Posts Tagged With: Bosphorus

Doubting Mary

27th August 2018

In my last post, I mentioned an online article which cast doubt on the veracity of the figure of Herakles, Alexander’s son by Barsine. It was, I said, the first time I had seen doubt expressed regarding whether Herakles was a real person or not.

A few days later, and perhaps rather inevitably, I came across another writer expressing the same doubt. That writer was none other than Mary Renault in The Nature of Alexander. Speaking about the capture of the non-royal women at Damascus*, she says,

These ladies, not being royal game, were not so strictly preserved. One has a role in Alexander’s legend, another in his history. Only Plutarch says that he took for himself Barsine, Memnon’s widow and Artabazus’ daughter; for the staggering reason that Parmenion - of all people! - told him she would be good for him. The dubiety of the story lies not only in this, but in the powerful motive for inventing it. No record at all exists of such a woman accompanying his march; nor of any claim by her, or her powerful kin, that she had borne him offspring. Yet twelve years after his death a boy was produced, seventeen years old, born therefore five years after Damascus, her alleged son ‘brought up in Pergamon’; a claimant and short-lived pawn in the succession war, chosen probably for a physical resemblance to Alexander. That he actually did marry another Barsine [Stateira II] must have helped both to launch and preserve the story but no source reports any notice whatever taken by him of a child who, Roxane’s being posthumous, would have been during his lifetime his only son, a near royal mother. In a man who named cities after his horse and dog, this strains credulity.
(Mary Renault “The Nature of Alexander” pp.100-1)
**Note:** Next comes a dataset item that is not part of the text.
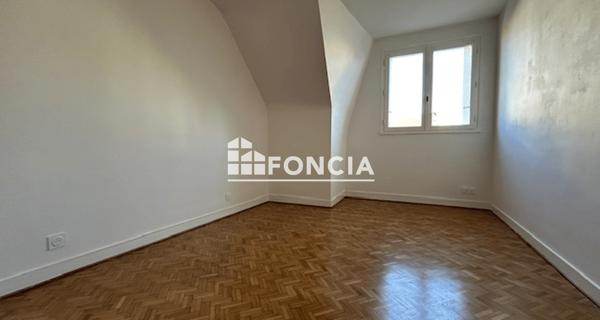 Location Appartement 2 pièces 46.18 m² - Douarnenez 29100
It would take a blog post or two to do justice to Renault’s statement. For now, I would like to just mention a few thoughts that I have about it.

  1. Is it really so hard to imagine Alexander taking advice from Parmenion? I know he gets short shrift in some of the texts but even if that is because he made some wrong or bad calls, Alexander never stopped trusting him. When he left him at Ecbatana, he put into Parmenion’s hands, an awful lot of money and troops. It would have been truly ‘staggering’ for him to do that if he did not have complete confidence in the general.
  2. Herakles wasn’t produced out-of-the-blue twelve years after Alexander’s death. Nearchus suggested him for the vacant crown at the first Babylonian conference (Curtius X.6.10-12). I presume Renault would say this was a fiction created in 311 -
  3. - But if so, wouldn’t Cassander have known it? Wasn’t he in Babylon when Alexander died, after all? Even if he wasn’t, he could simply have asked someone - Ptolemy, for example - who was there, if Nearchus had mentioned Herakles and then acted accordingly. Well, maybe he didn’t have time. The whole matter is still very fishy, though.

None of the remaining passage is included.